Aun así, debemos abrir el foco ante una pandemia de carácter indudablemente global, que tiene efectos devastadores en otros lugares del mundo, vinculados también a la carencia de un hogar en el que recluirse. El caso paradigmático es la crisis humanitaria que actualmente se está viviendo en el campo de refugiados de Moria, en la isla griega de Lesbos. Veinte mil personas se encuentran allí atrapadas, en tiendas de campaña amontonadas y atestadas, a poca distancia de unas poblaciones donde ya comienzan a detectarse casos de infección por coronavirus. En este contexto, hablar de confinamiento en los hogares y distancia social es una broma de mal gusto. La población del campo supera seis veces su capacidad, las condiciones médicas e higiénicas son lamentables, la basura se acumula entre las tiendas, el personal que gestionaba la instalación ha dejado de acudir, y el pánico comienza a extenderse entre los refugiados. Las visitas se han prohibido, las autorizaciones de salida se han reducido a la mínima expresión, y la Unión Europea colabora con el gobierno heleno en el diseño de un plan de emergencia para evitar una catástrofe sanitaria.

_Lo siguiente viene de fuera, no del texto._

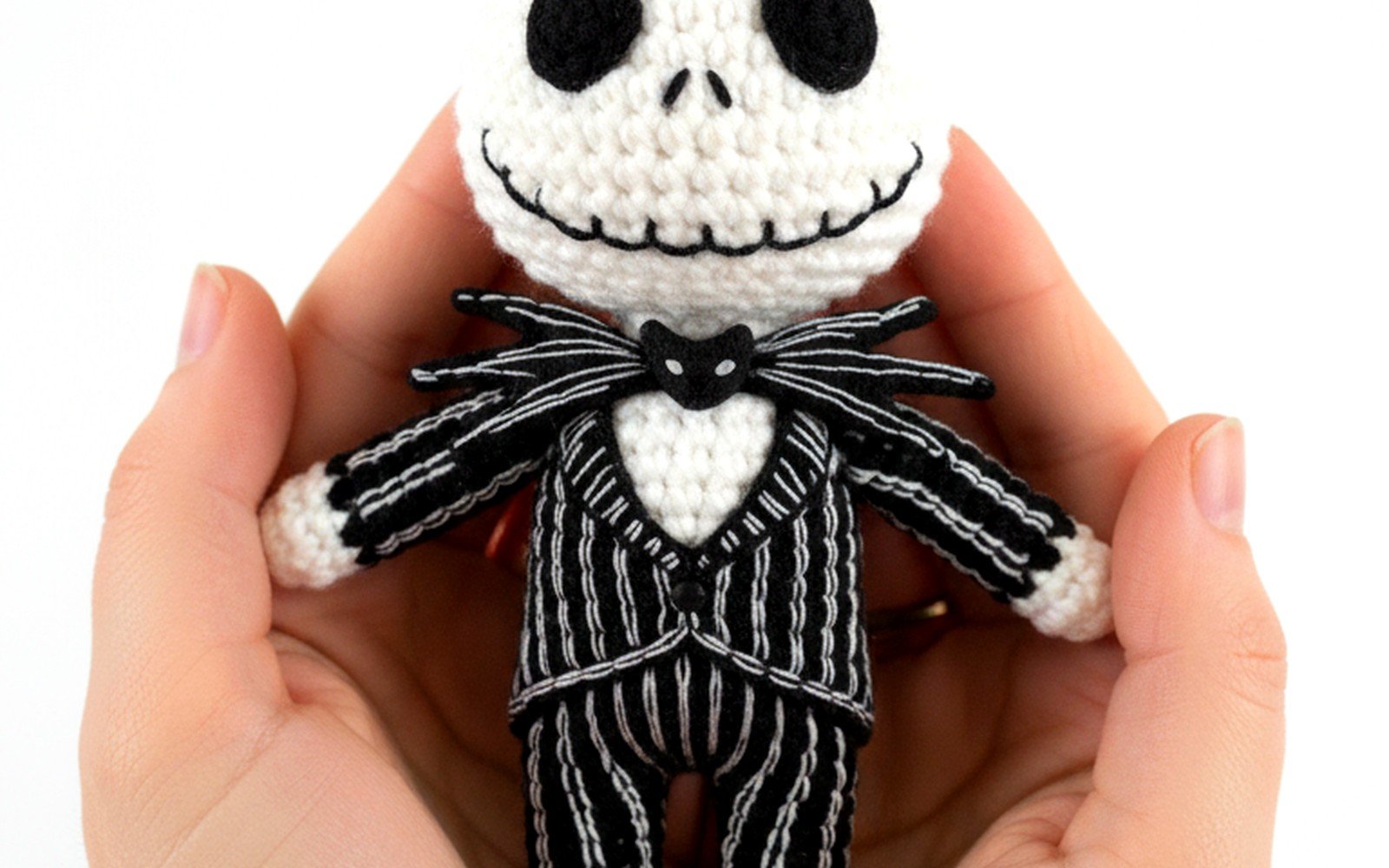Crochet Jack Skellington: Nightmare Before Christmas Pattern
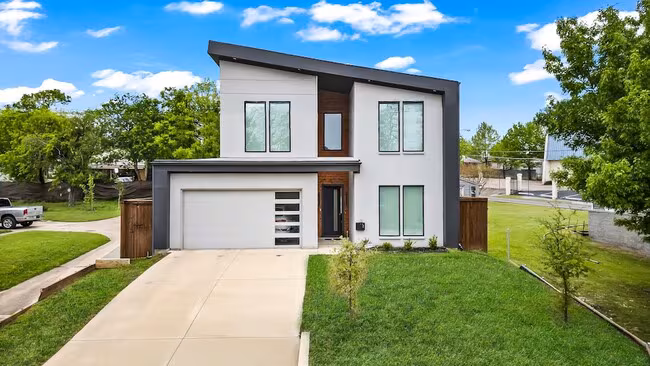 1211 Bonnie View Rd Dallas, TX 75203 photo 3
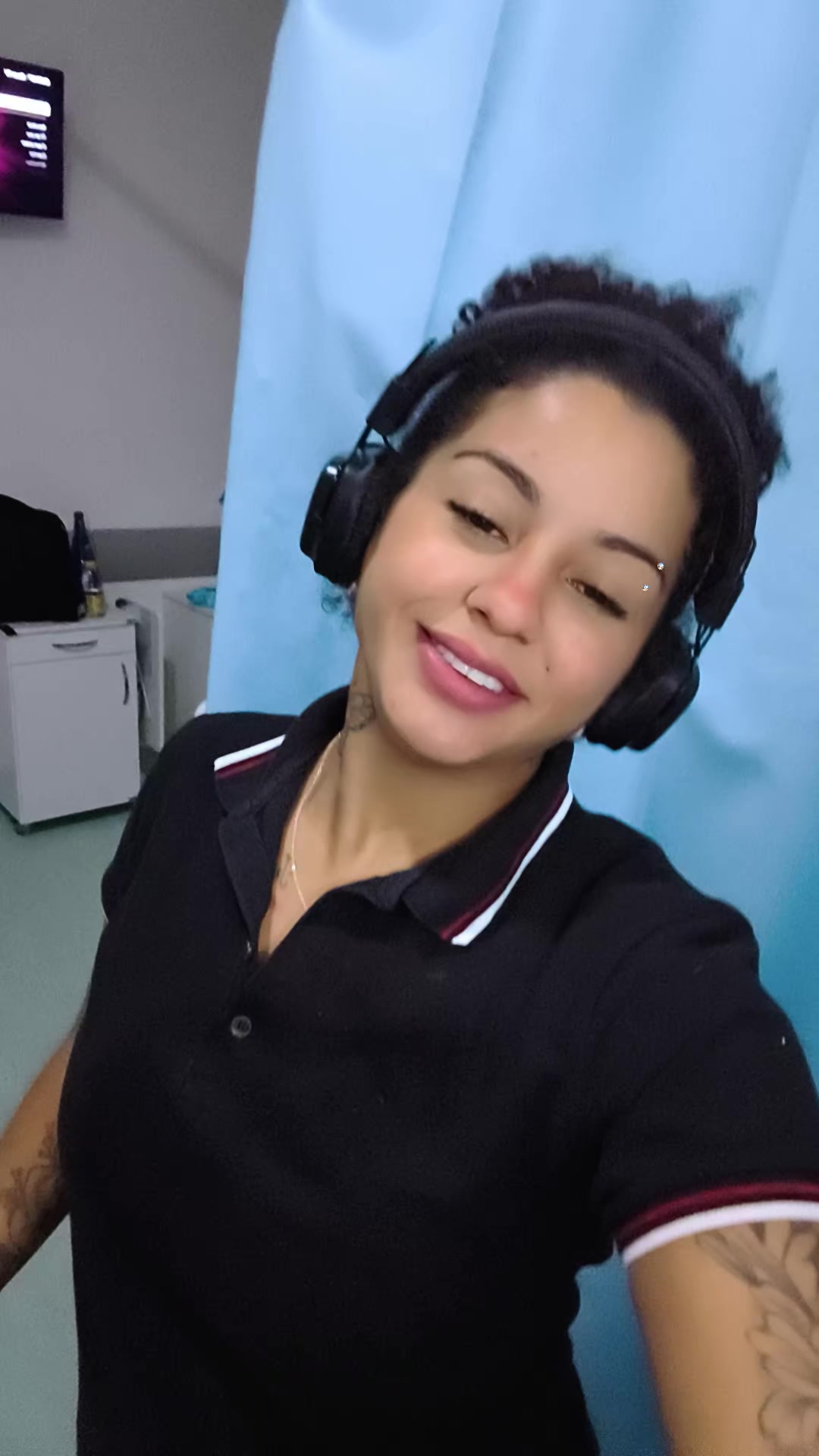 @Tain&aacute; baixinha 😏❤️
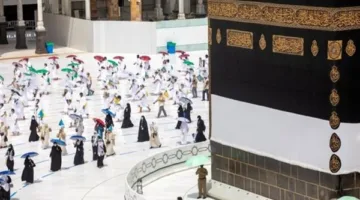 «لحظة رائعة».. تغيير كسوة الكعبة في صباح يوم عرفة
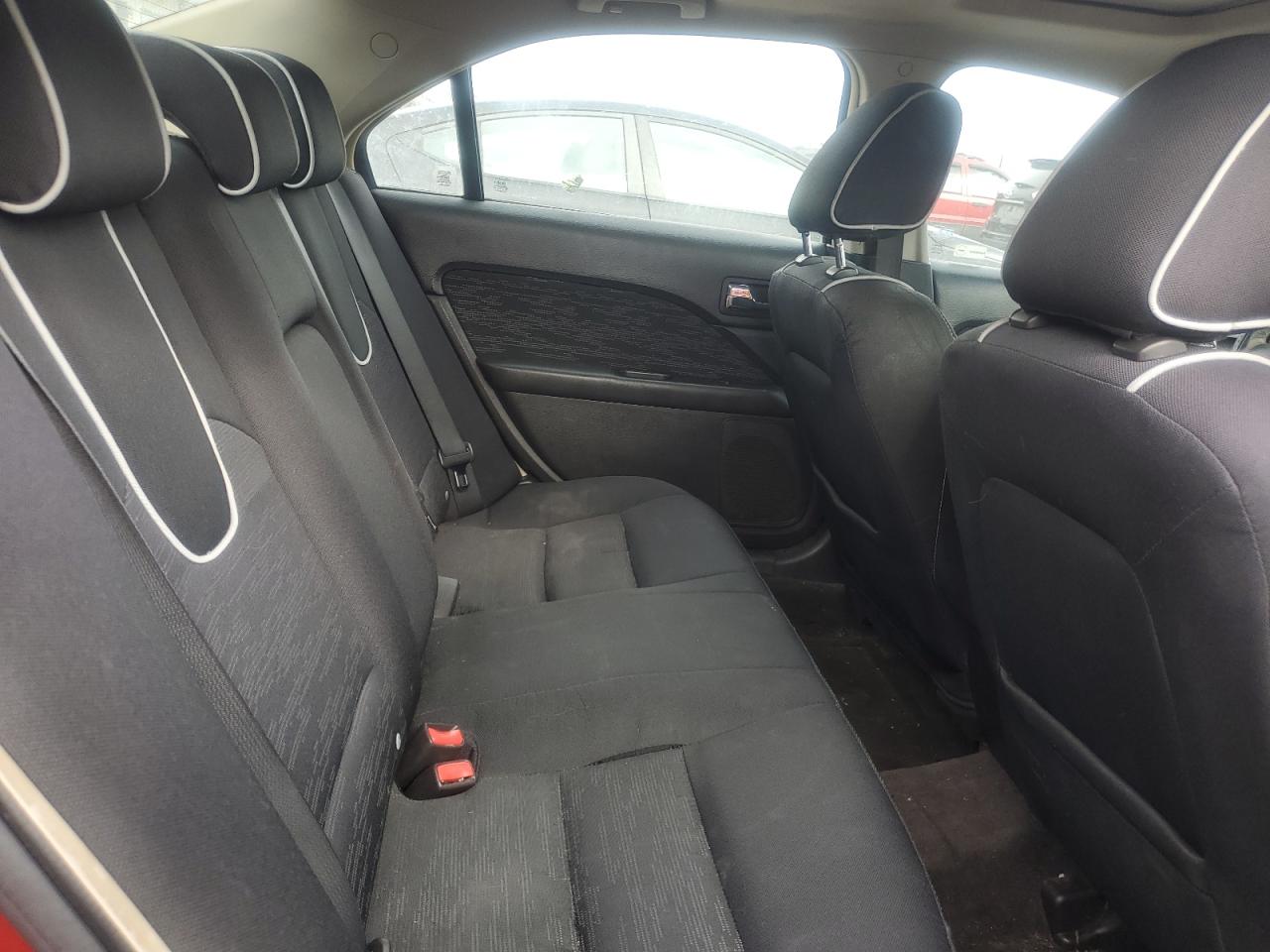 2010 Ford Fusion - Image 10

Existen también otras personas, cerca de nosotros, para quienes el enclaustramiento supone un problema realmente grave. Pensemos, por ejemplo, en las mujeres que sufren violencia en el ámbito familiar, angustiadas ante la exigencia de permanecer recluidas en un espacio reducido con su potencial agresor durante semanas, en un ambiente especialmente tenso por el aislamiento. Tienen una casa, pero no un hogar. Se han reforzado las líneas de atención telefónica a este colectivo, pero serán muchas las mujeres aterrorizadas que no se atreverán a realizar esa llamada desde el mismo piso donde conviven con quien las amenaza. Cualquier medida extraordinaria que implementen las administraciones para ayudar a este colectivo será de agradecer.

Ciertamente, contemplando este panorama, deberíamos avergonzarnos por las quejas que se nos escapan de vez cuando, simplemente porque se nos pide quedarnos en nuestro sofá viendo la tele. Somos protagonistas de un momento histórico que nos exige responsabilidad, solidaridad y civismo. Lamentablemente, vivimos rodeados de unos pocos vecinos irresponsables, insolidarios e incívicos, y por ello debemos respaldar y agradecer la contundencia de las fuerzas de seguridad frente a estos insensatos. Mostremos nuestro calor, nuestra cercanía y nuestra gratitud a los miles de personas que combaten esta crisis desde los hospitales, desde las farmacias, desde las entidades sociales, desde las comisarías, desde los supermercados… Un aplauso, una llamada, un mensaje… Son los héroes de este tiempo. Y hagamos caso, por favor, al presidente de la Cruz Roja en Catalunya, Josep Quitet: “ahora mismo, la mejor forma de voluntariado es quedarse en casa, y utilizar las redes sociales para difundir el mensaje de que la gente permanezca en sus hogares”. No es mucho lo que se nos pide a la inmensa mayoría de nosotros.